Just four of the 1,500 at-risk Afghan citizens who were eligible for resettlement following the Taliban takeover in 2021 have arrived in the UK. The BBC has spoken to Zuhra, who is just one of thousands who feel like they have been abandoned in Afghanistan.
"I'm sure I will be facing a death penalty because in such an extremist society, being a women with my character, my career, is not an easy thing," Zurha told the BBC's File on 4 programme.
Not long ago, Zuhra, not her real name, said she felt immense pride and happiness working for the British Council. For three years she taught the English language and British values to Afghan citizens and religious leaders.
Zuhra became widely recognised after starring in the British Council's promotional videos on Facebook and YouTube after being chosen as the face of its "English for Afghans" project.
"On the first day of my classes I did not have to introduce myself because when I was entering that class everybody knew who I was," she says.
Zuhra is one of more than 100 teachers who were left behind in Afghanistan when the Taliban took over in August 2021. Their work with the British means they are viewed as traitors and spies.
Her online fame has exposed her to extreme danger. She is living in hiding with her family, moving from place to place to avoid discovery, in fear for their lives.
"I cannot go freely outside, I have to change my appearance, and I have to wear a burkha," she explains. "One day a person may find me, and then I really don't know what will be the consequences, and what situation I will face."
The Afghan Citizens Resettlement Scheme (ACRS) was designed to offer a safe route to resettlement in the UK to Afghan citizens who worked alongside the British government during the 20 years it spent in the country.
One part of the first year of the ACRS scheme, called Pathway 3, offered 1,500 places to three specific groups including British Council teachers.
Despite the risks the teachers faced from the Taliban, the British Council did not encourage them to apply for evacuation until five days before the last flight left Kabul.

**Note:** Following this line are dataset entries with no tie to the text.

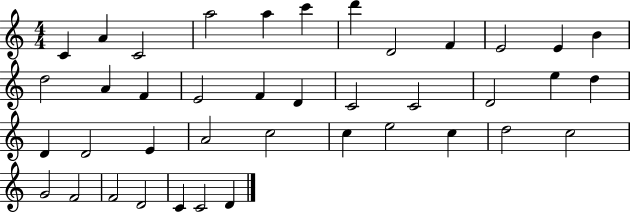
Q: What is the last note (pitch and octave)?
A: D4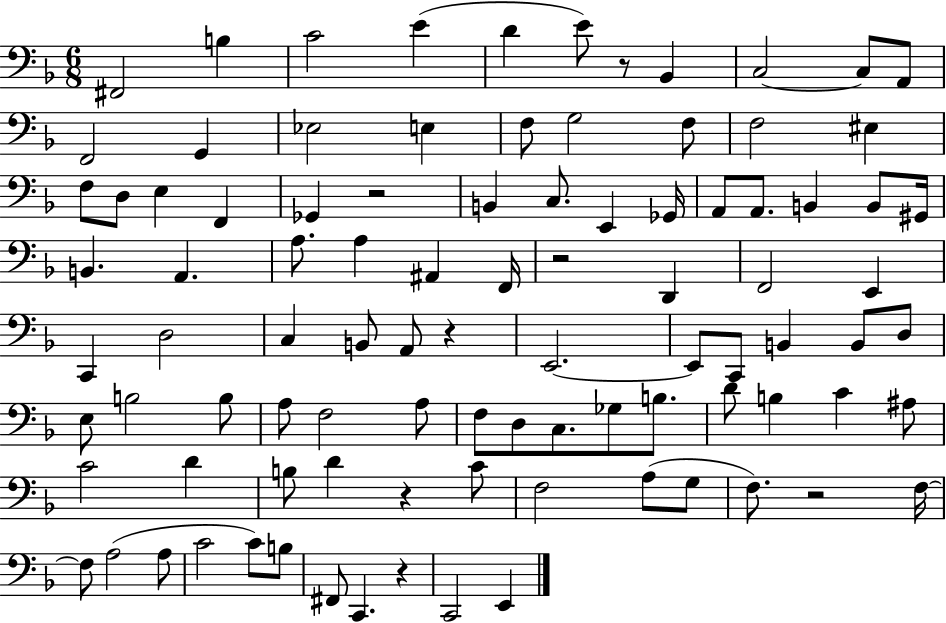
X:1
T:Untitled
M:6/8
L:1/4
K:F
^F,,2 B, C2 E D E/2 z/2 _B,, C,2 C,/2 A,,/2 F,,2 G,, _E,2 E, F,/2 G,2 F,/2 F,2 ^E, F,/2 D,/2 E, F,, _G,, z2 B,, C,/2 E,, _G,,/4 A,,/2 A,,/2 B,, B,,/2 ^G,,/4 B,, A,, A,/2 A, ^A,, F,,/4 z2 D,, F,,2 E,, C,, D,2 C, B,,/2 A,,/2 z E,,2 E,,/2 C,,/2 B,, B,,/2 D,/2 E,/2 B,2 B,/2 A,/2 F,2 A,/2 F,/2 D,/2 C,/2 _G,/2 B,/2 D/2 B, C ^A,/2 C2 D B,/2 D z C/2 F,2 A,/2 G,/2 F,/2 z2 F,/4 F,/2 A,2 A,/2 C2 C/2 B,/2 ^F,,/2 C,, z C,,2 E,,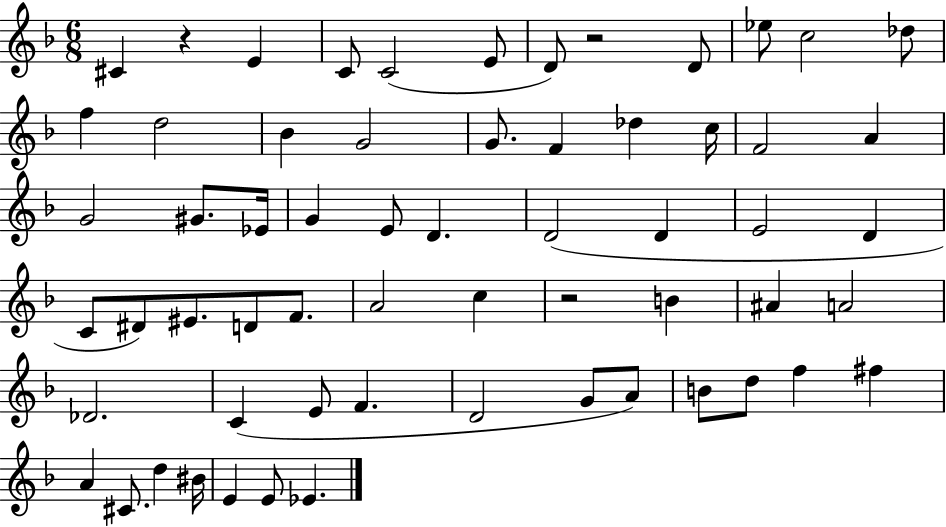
X:1
T:Untitled
M:6/8
L:1/4
K:F
^C z E C/2 C2 E/2 D/2 z2 D/2 _e/2 c2 _d/2 f d2 _B G2 G/2 F _d c/4 F2 A G2 ^G/2 _E/4 G E/2 D D2 D E2 D C/2 ^D/2 ^E/2 D/2 F/2 A2 c z2 B ^A A2 _D2 C E/2 F D2 G/2 A/2 B/2 d/2 f ^f A ^C/2 d ^B/4 E E/2 _E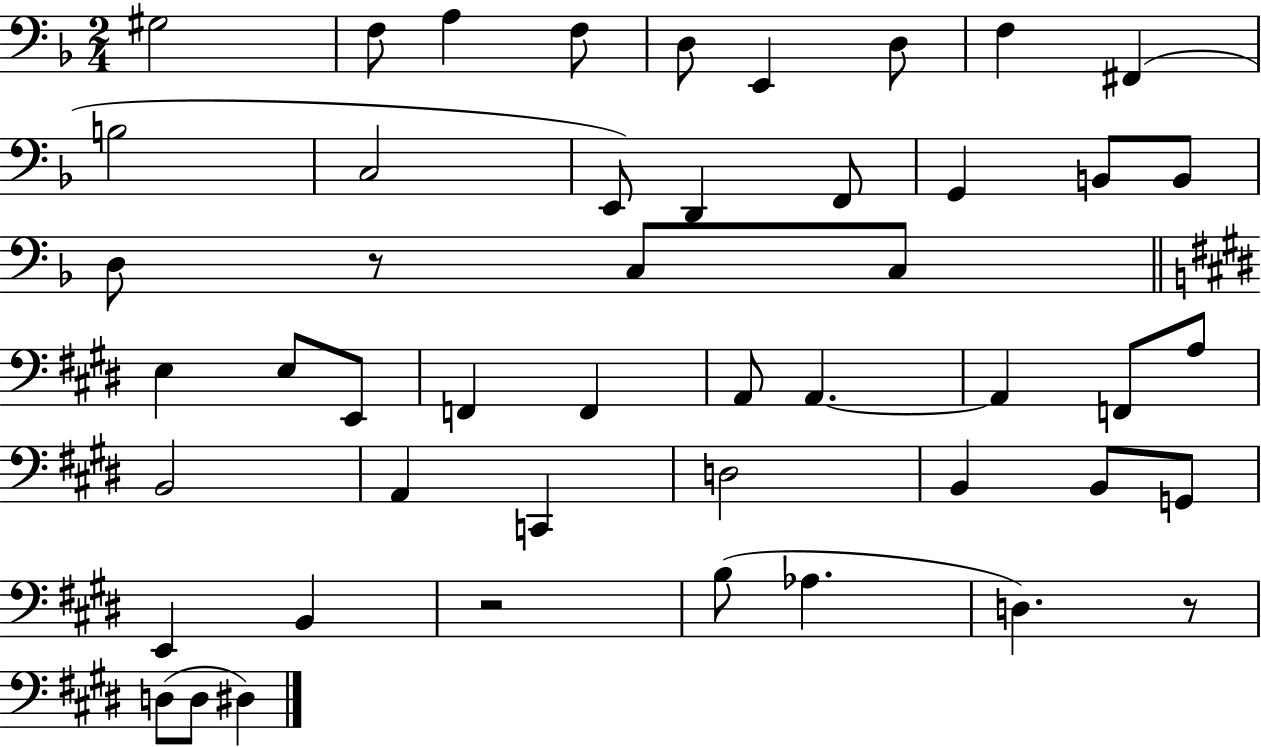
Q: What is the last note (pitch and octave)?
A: D#3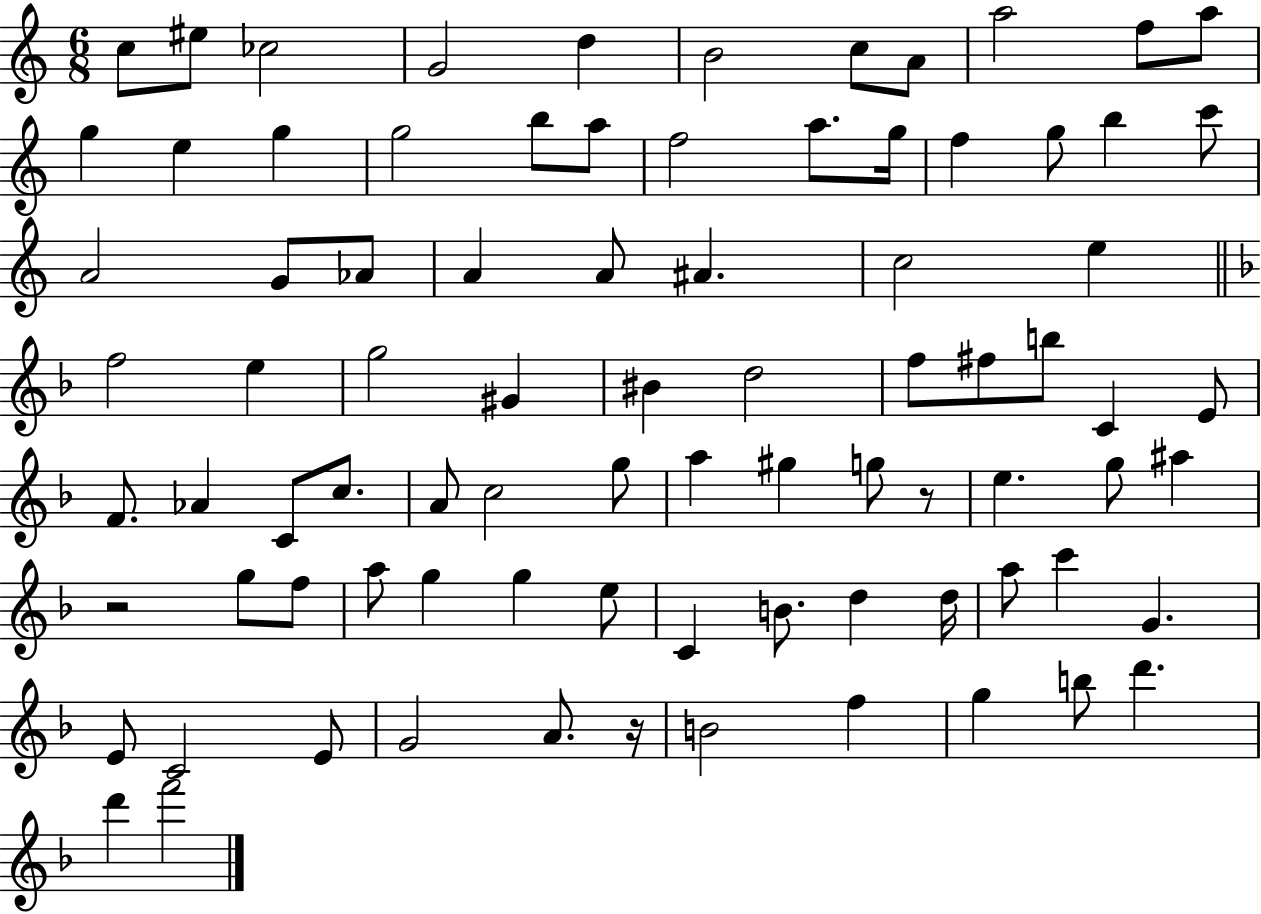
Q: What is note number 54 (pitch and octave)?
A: E5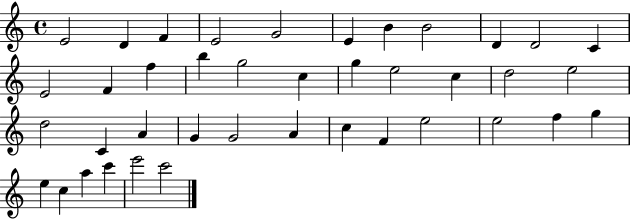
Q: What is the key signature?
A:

The British Council said: "In August 2021, the UK government extended the criteria of the scheme which meant our contractors became eligible for approval. We contacted our contractors at this point, including the teachers, and encouraged them to urgently apply if they had not already done so."
Labour MP, Dan Jarvis, is supporting the remaining Afghans.
He told the BBC: "These are people who stepped forward to serve at our invitation. I think it is a matter of of honour that we should be working across government day and night to get these people to a place of safety. Because if we don't, they will die."
Responsibility for the Afghan schemes is stretched across the Ministry of Defence, Foreign Office and Home Office.
A Home Office spokesman said: "The UK has made one of the largest commitments to support Afghans of any country and, so far, we have brought almost 23,000 vulnerable people to safety, including thousands of people eligible for our Afghan relocation schemes.
"Supporting the resettlement of eligible Afghans remains a top priority and we continue to work with the UNHCR, likeminded partners and countries neighbouring Afghanistan to support their safe passage here."
Meanwhile, it has been two months since Zuhra last heard from the UK government about her application.
For her, any progress cannot happen soon enough. She says she is still feeling hopeful. "It will be a window of opportunity for me and also my family because I have put everybody in danger - my parents, my siblings are in danger because of me. It's my responsibility to take them to safety but I really don't know if ACRS will support my family members or not."